Creating datasets

You group data assets into datasets and supply metadata, including keywords, collaborators, and publication state, so others can discover and reuse governed collections aligned to business classifications, protection rules, or purpose.

  1. From the Datasets page, click Add Datasets.
    The Add page appears.
    Figure 1. Add dataset
  2. Enter the following information.
    Field Name Description Example Values
    Name Specifies the dataset name. The value must stay unique across the system. Customer Profiles, Sales Assets, Financials
    Description Describes the purpose or intent of the dataset. Contains customer profiles: data assets for US and WW.
    Data Lake Shows the Data Lake to which the dataset is associated. dss_bbsh_clust3
    Author Identifies who owns the dataset; the workflow records the authoring account automatically when you create the dataset. Your Data Catalog principal
    Tags Stores optional tags for filters alongside full-text metadata in Datasets. Optional.1 se, pii, geo, finance
    1
    Figure 2. Dataset metadata
  3. Click Next.
    The Dataset Details page appears for the new dataset.
  4. Click Add Assets to add related data assets into your dataset.
    Figure 3. Add assets to dataset
    The Search page appears.
  5. Search for assets using the search bar.

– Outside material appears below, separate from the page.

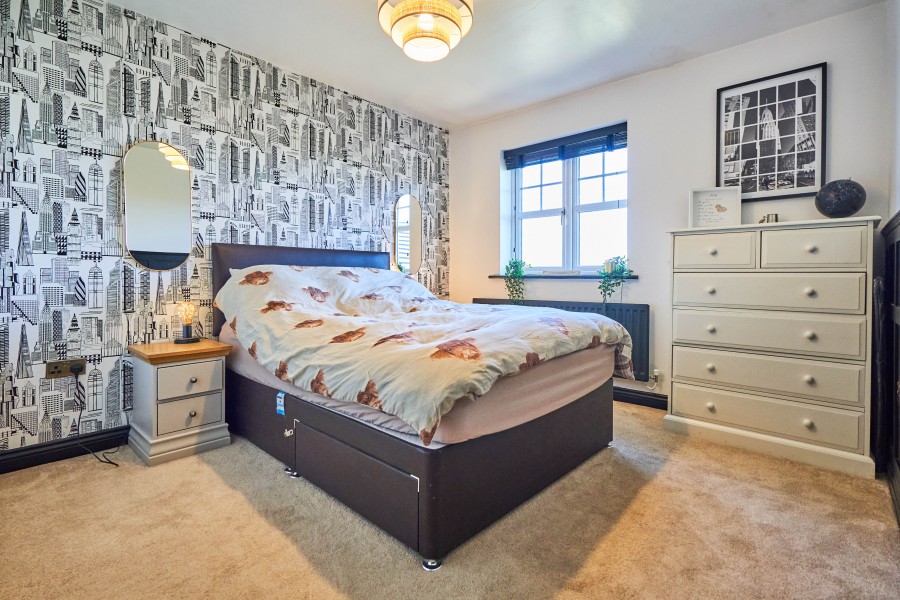 Images for Churton Grove, Standish, WN6 0SZ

    1. Use filters to search for specific assets based on the attributes of assets. Click Filter to display the filters available.

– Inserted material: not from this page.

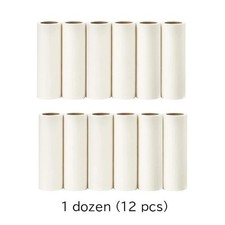 MUJI Tapis Cleaner Rouleau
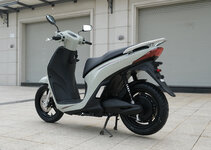 xe-may-dien-vinfast-anh-3.jpg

      • Created: Select the time to refine the search on the basis of when the asset has been created.
      • Owner: Enter the name of the owner to refine the search on the basis of the owners of the assets.

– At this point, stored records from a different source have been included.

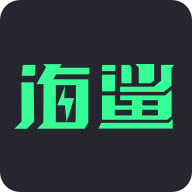 海鲨游戏v1.6.2 安卓版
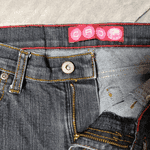 Ormar.app | sajt za prodaju garderobe | 4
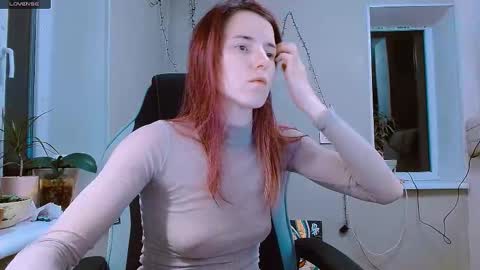 Snapshot of rosa843850 chatting on 11/30/25, 05:50 rosa843850 online show from 11/30/25, 05:50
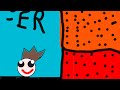 Dziś pokaże wam mój cały budil a tower w roblox.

      • Database name: Enter the name of the database.
      • Tags: Enter the names of the tags after selecting its type (Table/Column).
      Figure 4. Search for assets
    2. Select one or more filters if needed.
    3. Click Search to view the assets.
    4. Click Reset to reset the filters and search again.
    5. From the list, click to select the assets that you want to add to your dataset.
  6. Search for assets using the Advanced tab, if needed. Advanced search uses facets of technical and business metadata about the assets, such as those captured in Apache Atlas, to help users define and build collections of interest. Advanced search conditions are a subset of attributes for the Apache Atlas type hive_table.
  7. Click Add.
    The assets are added to the dataset and the Search page is refreshed.
  8. Close the Search tab by clicking Done.
    The Datasets Details page appears.
  9. Click Save to finish editing your dataset.
    Figure 5. Save dataset